> WHAT YOU HAVE TO DO: Having located "Merchant & Mills Sanda Coat or Jacket", write out its line and the remaining lines of the material exactly, the last one included, but not the pictures.

> RAW DATA:
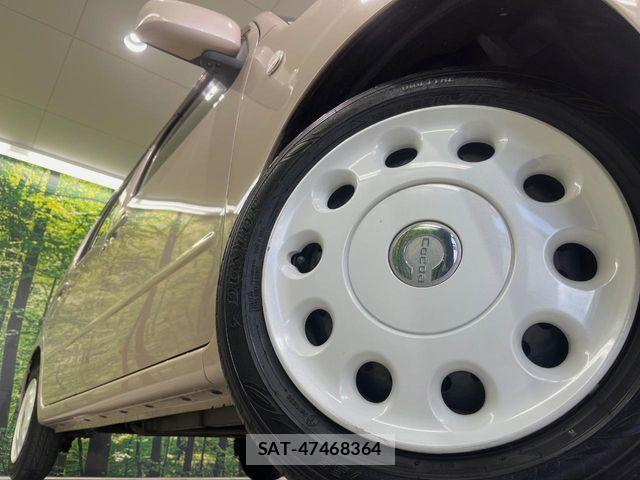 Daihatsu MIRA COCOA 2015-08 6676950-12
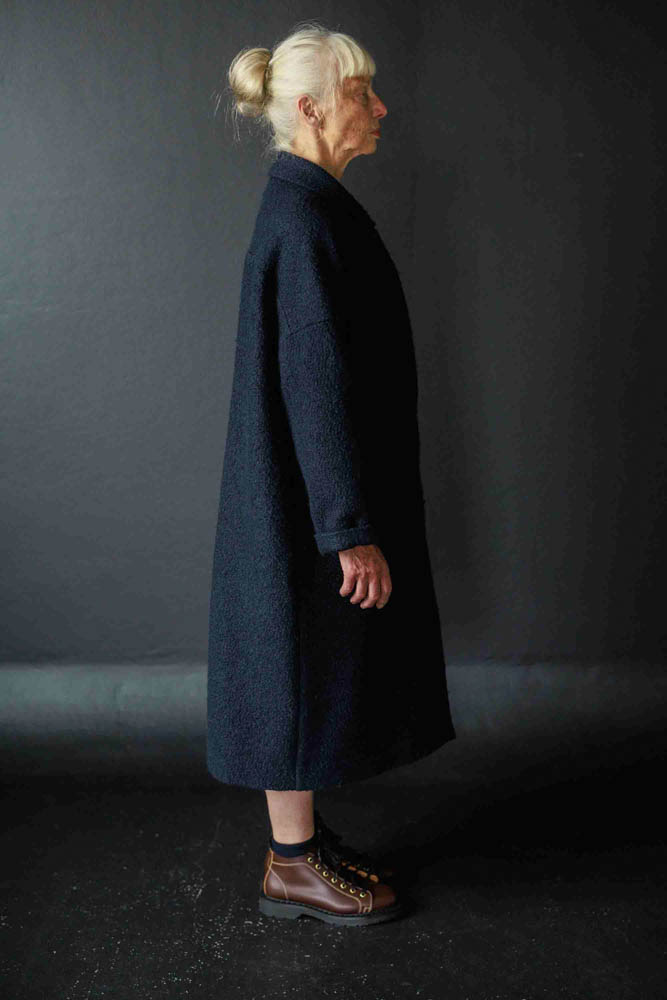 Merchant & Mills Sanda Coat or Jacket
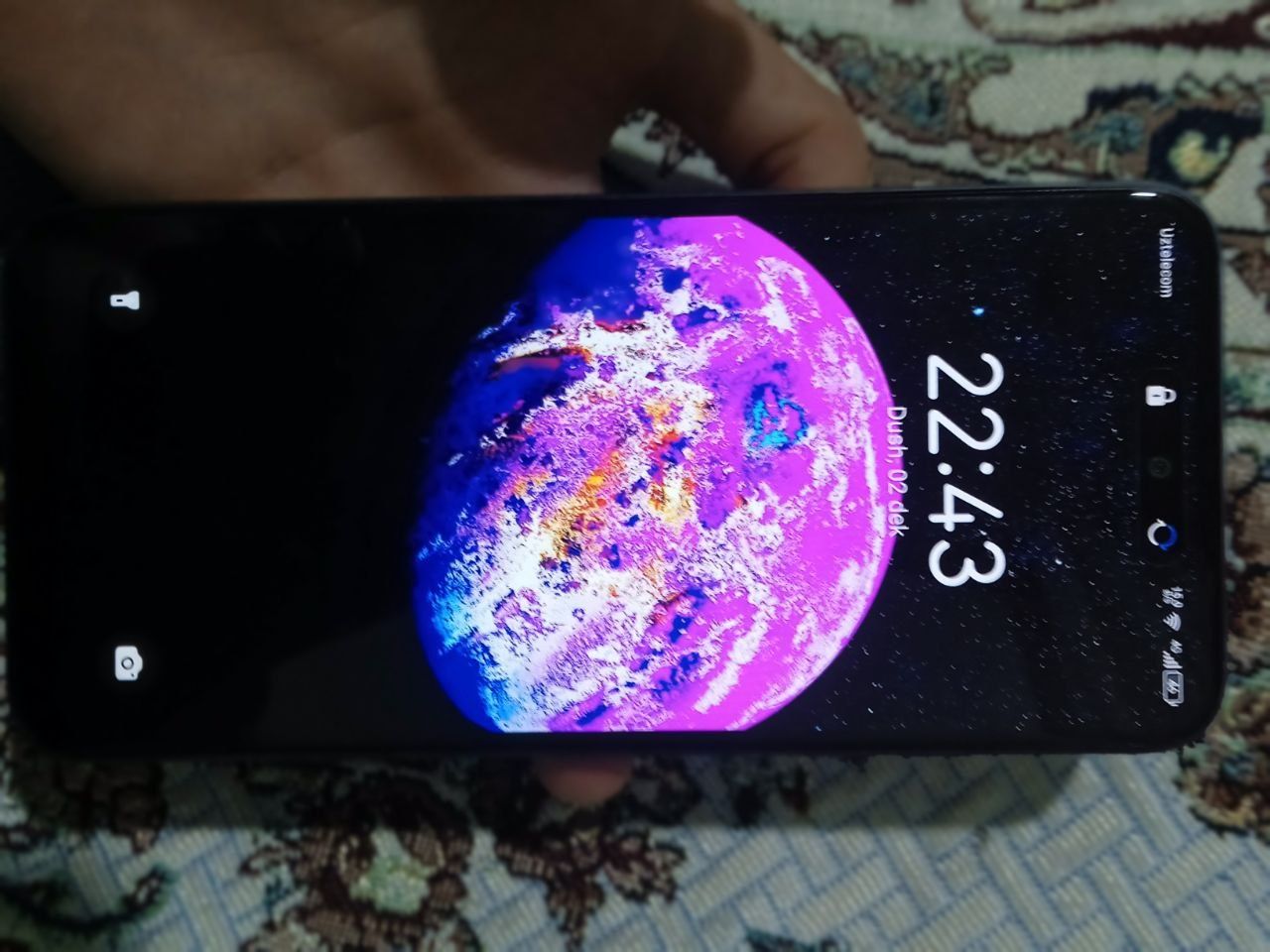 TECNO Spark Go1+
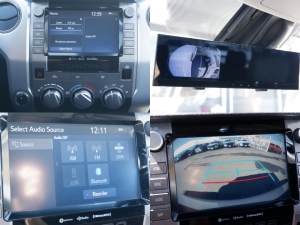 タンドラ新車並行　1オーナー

> ANSWER BOX:
 Merchant & Mills Sanda Coat or Jacket
 TECNO Spark Go1+
 タンドラ新車並行　1オーナー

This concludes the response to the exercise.